正圧から陰圧にそっと切り替えて膜とピペットの間に密閉力を形成し、一定の電圧でセルを維持するためにアンプに保持電位を設定し、吸引を加えてマイクロピペット内の細胞膜を破裂させます。
細胞膜が破裂すると、 保持電位は、電圧ゲートイオンチャネルを介してイオンの流れを引き起こし、記録電極によって記録される膜電位を作成します。記録電極は、膜電位の視覚的表示を提示するオシロスコープとコンピュータから膜電位を差し引いたフィードバックアンプに信号を送信します。
パッチクランプの準備をするには、水平な引き手に薄壁のホウケイ酸ガラスを備えたパッチクランプピペットを引っ張ることから始めます。
ピペットチップを細胞内液に浸して細胞内溶液で満たします。
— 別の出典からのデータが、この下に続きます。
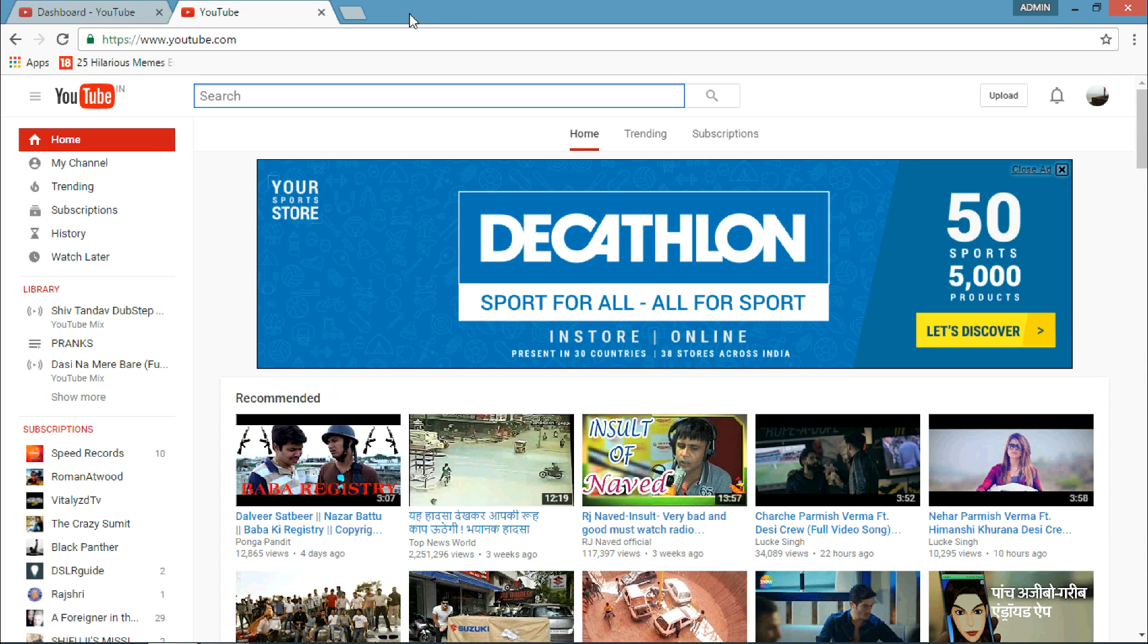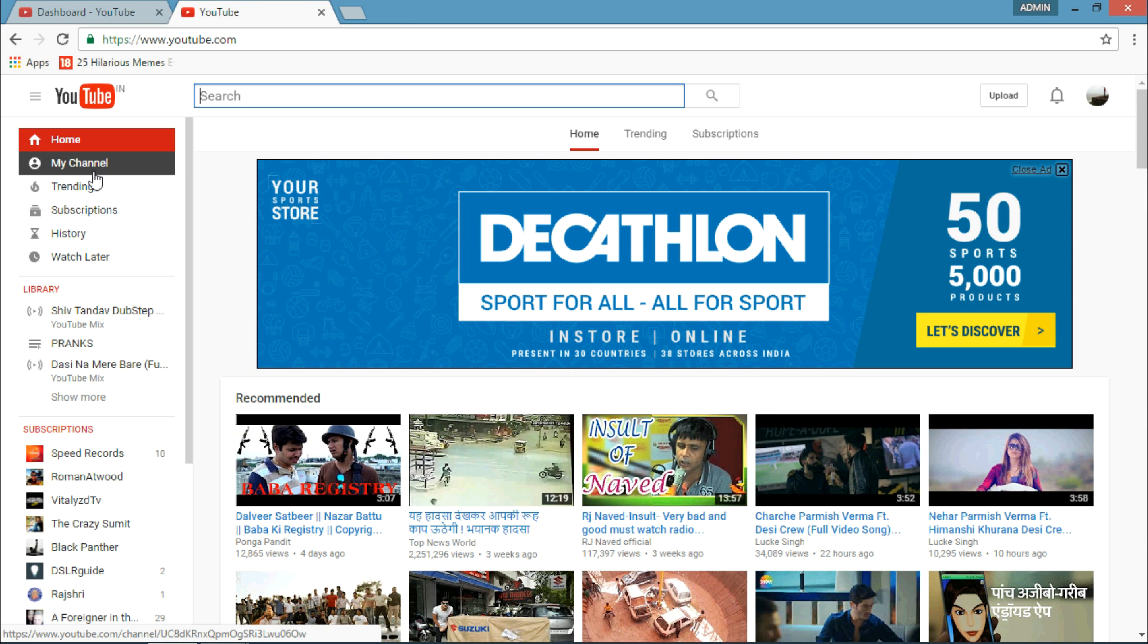Hey, what's up guys! Today I'm going to tell you how you can see your subscribers on YouTube. You have to sign in to your account on YouTube and after that you have to go to My Channels.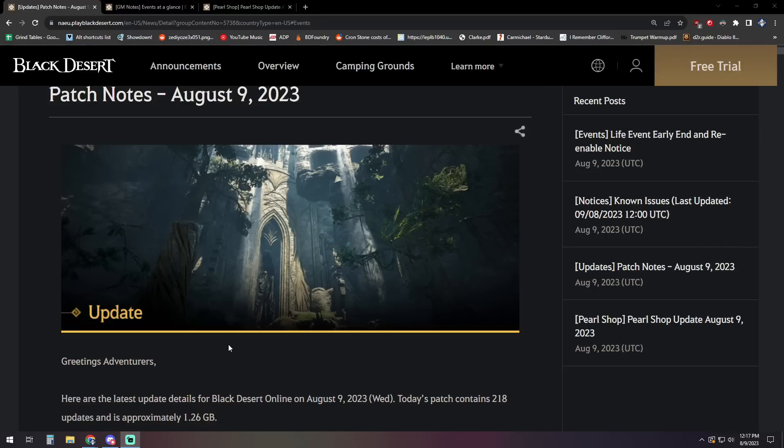What is up guys? You got not the worst here, bringing another Black Desert Online video. And today we're taking a look at the patch notes for August 9th.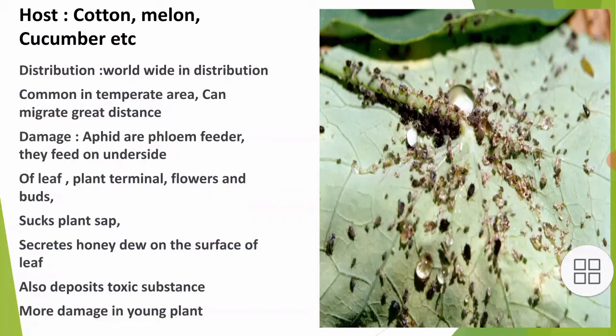Classification of Aphis gossypii: they belong to phylum Arthropoda, order Hemiptera, family Aphididae, genus Aphis, and species gossypii.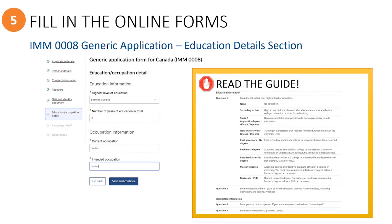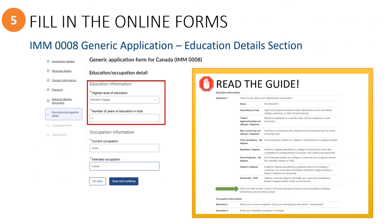This section contains questions about the principal applicant's education and previous work. First, select from the drop-down list the highest level of education that applies to the principal applicant, and then enter the total number of years of education, which should include elementary and secondary school. For example, if they had eight years of elementary and four years of secondary with no post-secondary school, then you would enter a total of 12 years of formal education.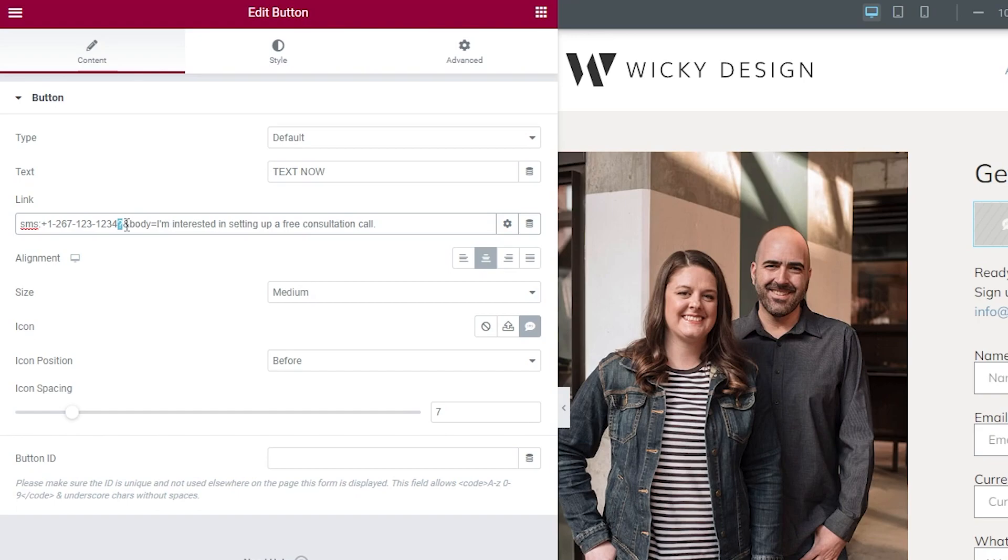So all you have to do is put in this little string right here. You want to make sure you put in a question mark, the ampersand, and then 'body=' and then this is what's going to show up in the pre-filled bubble.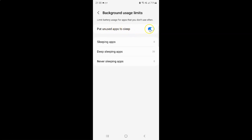So to turn off this toggle button you have to tap on it so that this slider moves to the left. Let me tap on it. And you can see guys it's now turned off.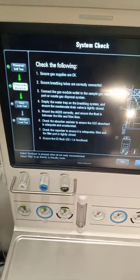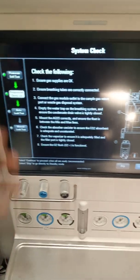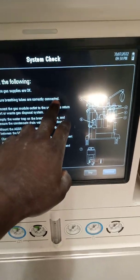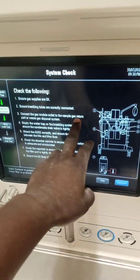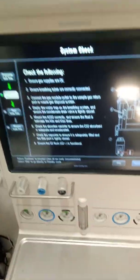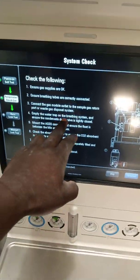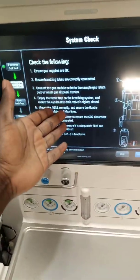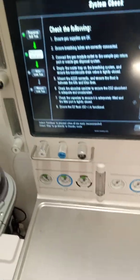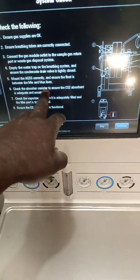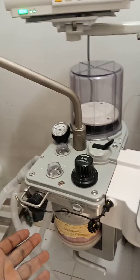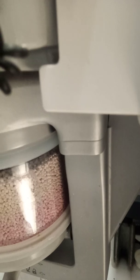Check the following — these are instructions that are going to guide us along our calibration. First, ensure gas supplies are okay — yes, we have our gas supplies. Ensure breathing tubes are correctly connected — these are the breathing tubes and they are correctly connected. Connect the gas module outlet to the sample gas return port or waste gas disposal system — everything is right here. Empty the water trap on the breathing system and ensure the condensate drain valve is tightly closed — it is already done. Mount the AGSS correctly and ensure the float is between the minimum and the maximum lines — that is also already done. Check the absorber canister to ensure the carbon dioxide absorbent is adequate and unsaturated.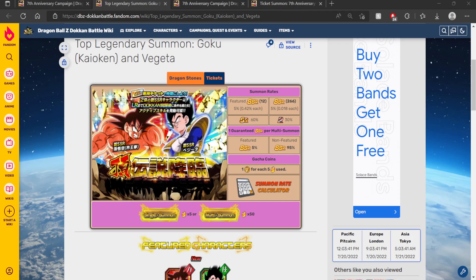This video will not last longer than a minute as I tell you when the Part 2 banner will arrive on Global Dokkan.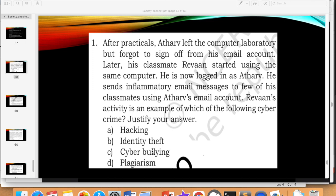We have two more options: cyberbullying and plagiarism. It's not plagiarism — plagiarism is when you copy content from someone's assignment and submit it as your own, for non-monetary purposes. This case is cyberbullying — you are bullying someone using the internet. So the answer is cyberbullying.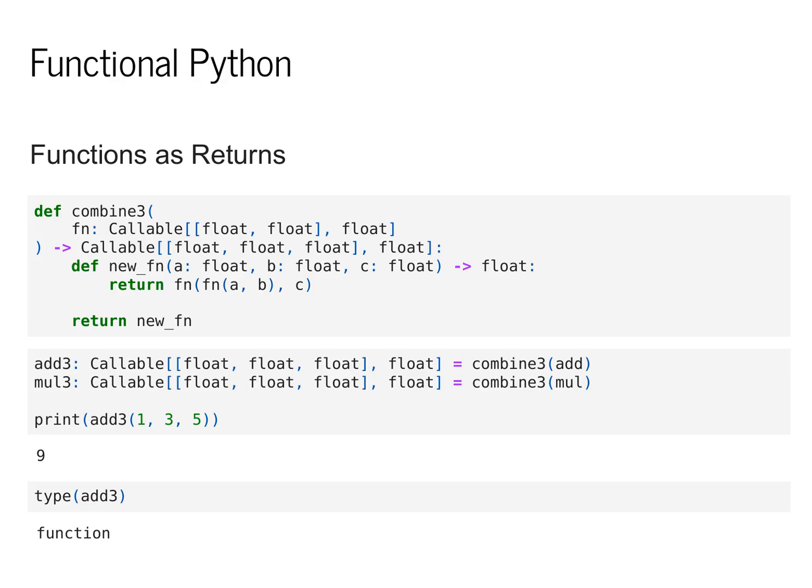We then return this inner function as the return value of the outer function combine3. In our examples below, we can see that this allows us to transform a function of two arguments into a new function that takes three arguments.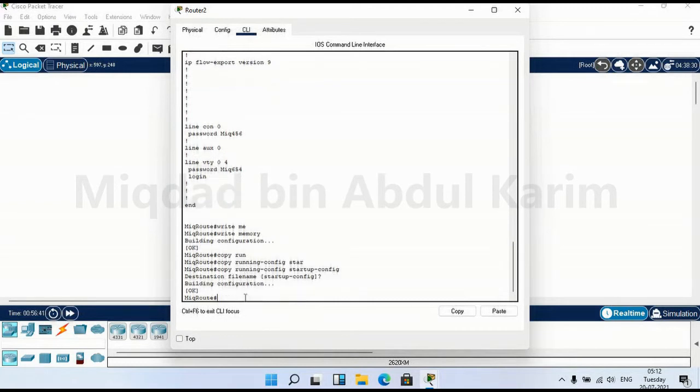Yes, now the running-config configuration file is stored in the destination file name called startup-config.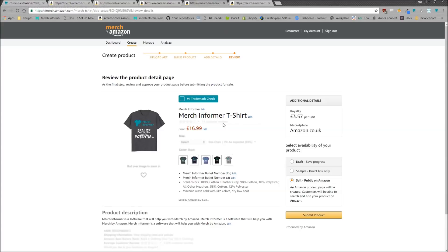It's going to save you a ton of time by automatically going through the pages, allowing you to check everything, do your Merch Informer trademark checks, make sure everything looks good, and then simply click submit — getting more products up on Merch by Amazon than ever before. If you have any questions or concerns, drop them in the comments below, like this video, subscribe, and I'll catch you in the next one. Thanks!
次に、注射器に注射針を挿入し、注射器から細胞内溶液を穏やかに排出してピペットを充填し終えます。
ピペットが浴液に下がる直前に、ピペットに少量の正圧を加えてチップがブロッキングする可能性を減らす。ピペット中のわずかな正圧でM細胞に近づき続ける。正圧は細胞を左右に静かに押し出し、細胞の上にすぐに置くと、細胞膜に小さなディンプルを形成する。
さて、ピペットと膜の間に強いシールが形成されるように、ピペットを数秒間所定の位置に置いてセル表面を静かにきれいにします。
その後、アンプの保持電位をマイナス60ミリボルトに変更し、一連の短いパルスで細胞膜を破裂させる。
アクセス抵抗は30秒から1分ごとに監視し、20%以上の変化がある場合は実験を中止します。